Seconds later, Italia’s cabin hit the ice, smashing it open. Now relieved of this weight, Italia began ascending, having deposited 10 crewmembers onto a drifting ice floe. The rest of the crew remained in the airship’s cabin and were never seen again.
Of the 10 now on the ice, one died almost immediately from injuries suffered in the crash. Most of the supplies went aloft with the airship leaving the survivors with a tent, a small-caliber revolver (with which they would kill a polar bear and add 400 pounds of meat to their dwindling rations), chocolate, pemmican and a flare gun. Some of these items were thrown down to the men by Chief Engineer Ettore Arduino in an act of selfless heroism as he and the others drifted away in the airship.
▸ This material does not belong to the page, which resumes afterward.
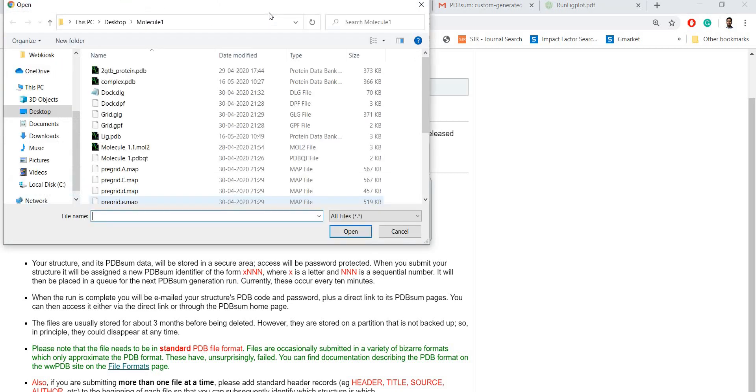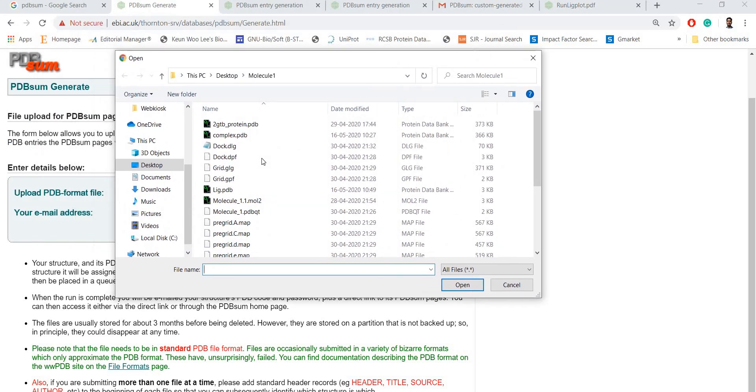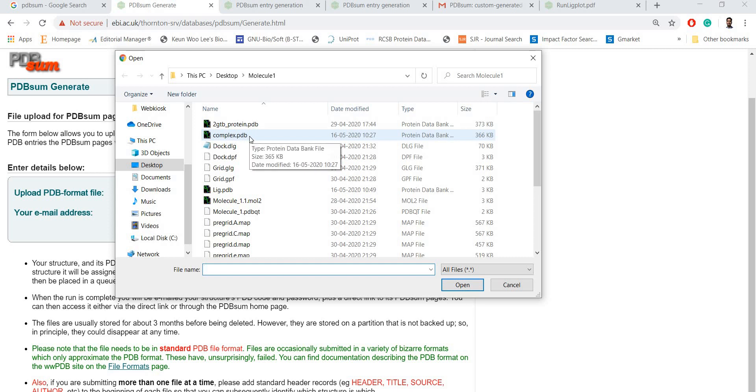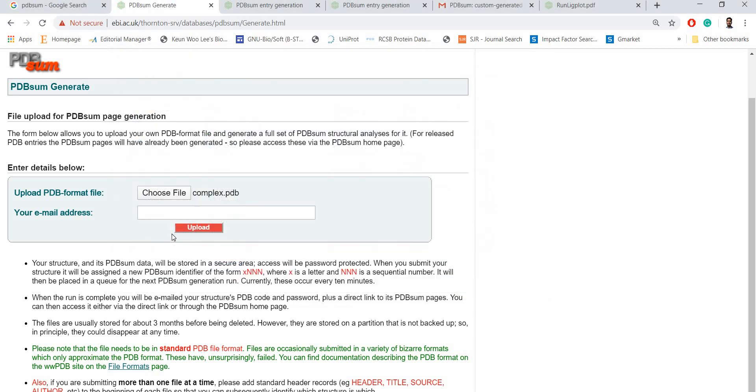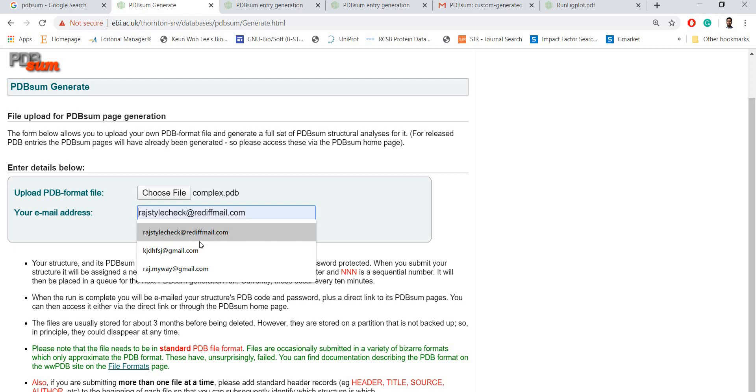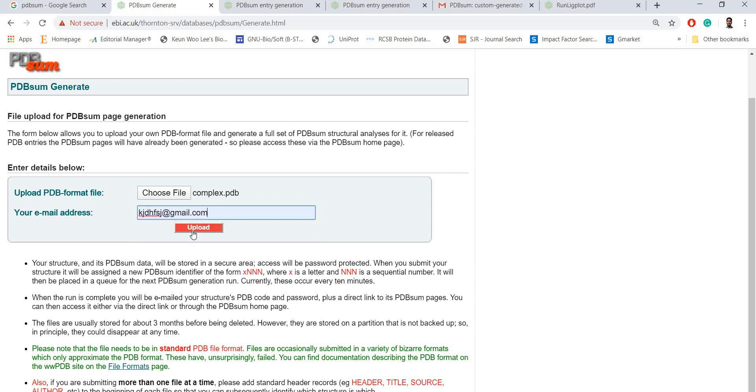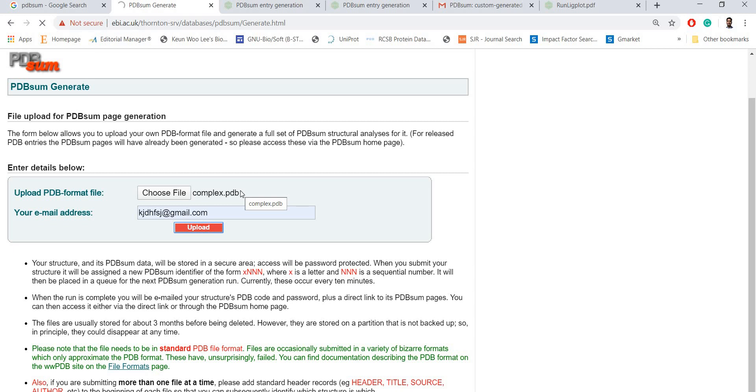Go ahead and choose file. You remember we saved a complex.pdb file earlier, so choose this one and give any email. Remember the results will go to your email. Just upload.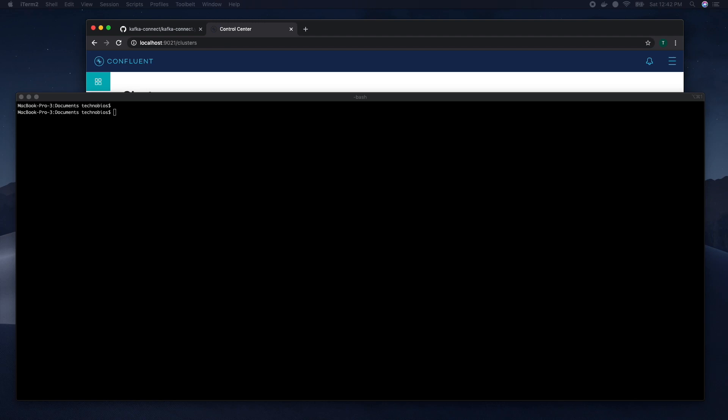In this video we are going to see how to deploy Kafka Connect in your local environment. We will see how to run the syslog source Kafka connector and we will use Confluence platform for it.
One of the items deposited onto the ice during the crash was the Italia’s back-up radio and batteries. The other essential item was Giuseppe Biagi, the airship’s one and only radioman. With either of these two commodities missing, the rescue of the surviving crew would probably not have occurred.
The radio was designed by Dr. Giulio Salom who held the ham callsign I1MT. It was housed in a wooden box and produced a 5-watt output from 5.4-10 MHz.
Using remnants of aluminum tubing and torn wiring from the crash, Biagi assembled a ¼-wave vertical antenna and ground radials. Once this and the tent were erected he began sending distress messages on the 33m band every 55 minutes fully expecting a response from the Citta di Milano 200km away.
That response never came and it was later learned that radio operators onboard Citta di Milano weren’t even listening. Months later, Guglielmo Marconi himself would publically chastise the ship’s captain for his lack of professionalism for failing to maintain a radio watch.
Fortunately for Biagi and company, his SOS was copied on June 3rd by Russian radio amateur Nikolai Schmidt in Vokhma. Schmidt was 22 years old at the time and had been experimenting with “telegraphy without wires” for eight years, having built his first spark gap transmitter at the age of 14.
Schmidt and fellow Russian ham Mikhail Smirnov heard subsequent SOS calls from Biagi and sent a telegram reporting this news to officials in Moscow. Moscow in turn notified Rome who got word to Citta di Milano to listen on the correct frequencies. Smirnov, later, “Nikolai and I again received “SOS” signals. They were heard well. We decided to send a telegram to Moscow, to the Society of Radio Friends”.
Schmidt and Smirnov were not able to reply to Biagi’s distress calls but Biagi learned of their reception and follow-up efforts as they were reported on the 31m shortwave band by Italian SW station IDO.
On June 8th, Citta di Milano was finally able to make contact with Biagi but Captain Romagna of the Citta di Milano was reluctant to take his ship into the pack ice to attempt a rescue. Eight other countries did step up to the plate – among them were Roald Amundsen of Norway, who was lost and never heard from again.
On 12 July the Russian icebreaker Krasin accomplished what others could not – rescuing the men after 49 days on drifting ice.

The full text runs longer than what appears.